▶ _Entries supplied_:
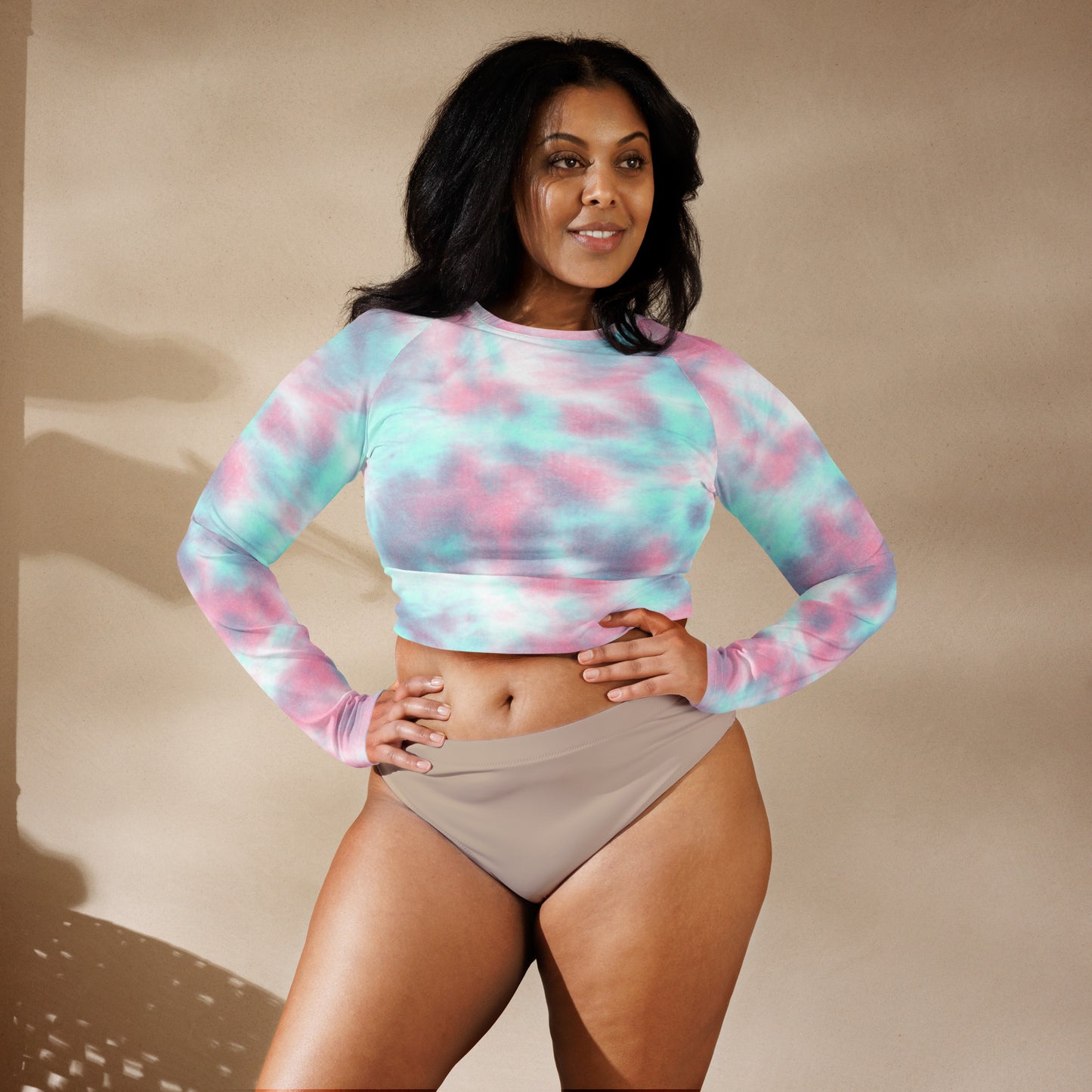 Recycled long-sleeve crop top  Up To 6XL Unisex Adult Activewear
...
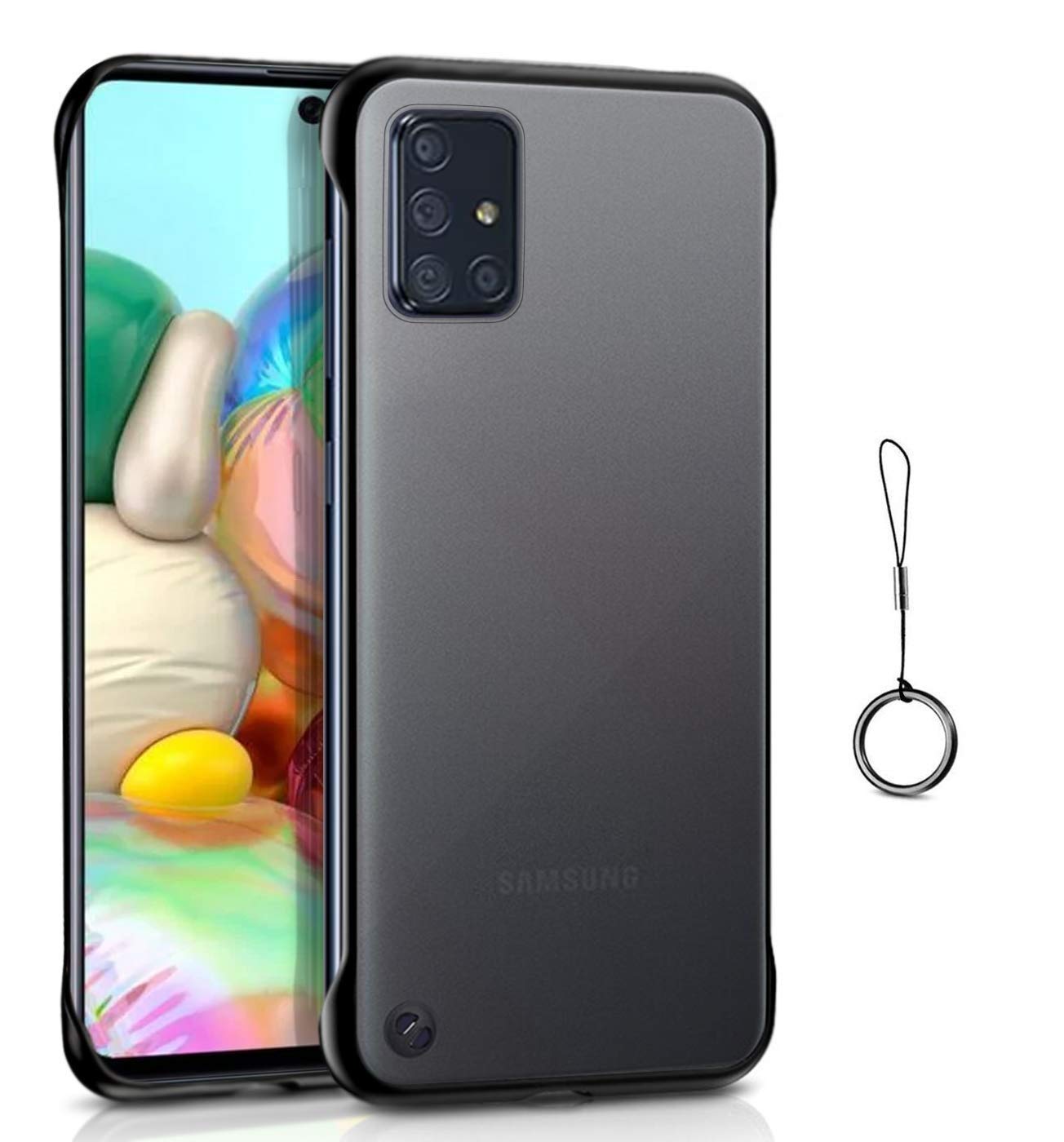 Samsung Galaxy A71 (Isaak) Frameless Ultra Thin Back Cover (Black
--
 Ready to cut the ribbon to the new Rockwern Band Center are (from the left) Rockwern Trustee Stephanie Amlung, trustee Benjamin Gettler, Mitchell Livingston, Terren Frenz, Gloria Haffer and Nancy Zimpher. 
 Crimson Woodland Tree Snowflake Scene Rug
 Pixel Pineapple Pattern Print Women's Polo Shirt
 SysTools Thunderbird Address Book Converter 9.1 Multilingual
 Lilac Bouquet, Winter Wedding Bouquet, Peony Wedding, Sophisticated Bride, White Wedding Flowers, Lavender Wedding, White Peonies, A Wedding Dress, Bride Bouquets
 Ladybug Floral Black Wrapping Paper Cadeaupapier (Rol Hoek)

▶ _Work item_: Nothing should appear in the answer except the lines above from the line with "Crimson Woodland Tree Snowflake Scene Rug" through the line with "SysTools Thunderbird Address", both included, written out exactly.

▶ _Output of the task_:
 Crimson Woodland Tree Snowflake Scene Rug
 Pixel Pineapple Pattern Print Women's Polo Shirt
 SysTools Thunderbird Address Book Converter 9.1 Multilingual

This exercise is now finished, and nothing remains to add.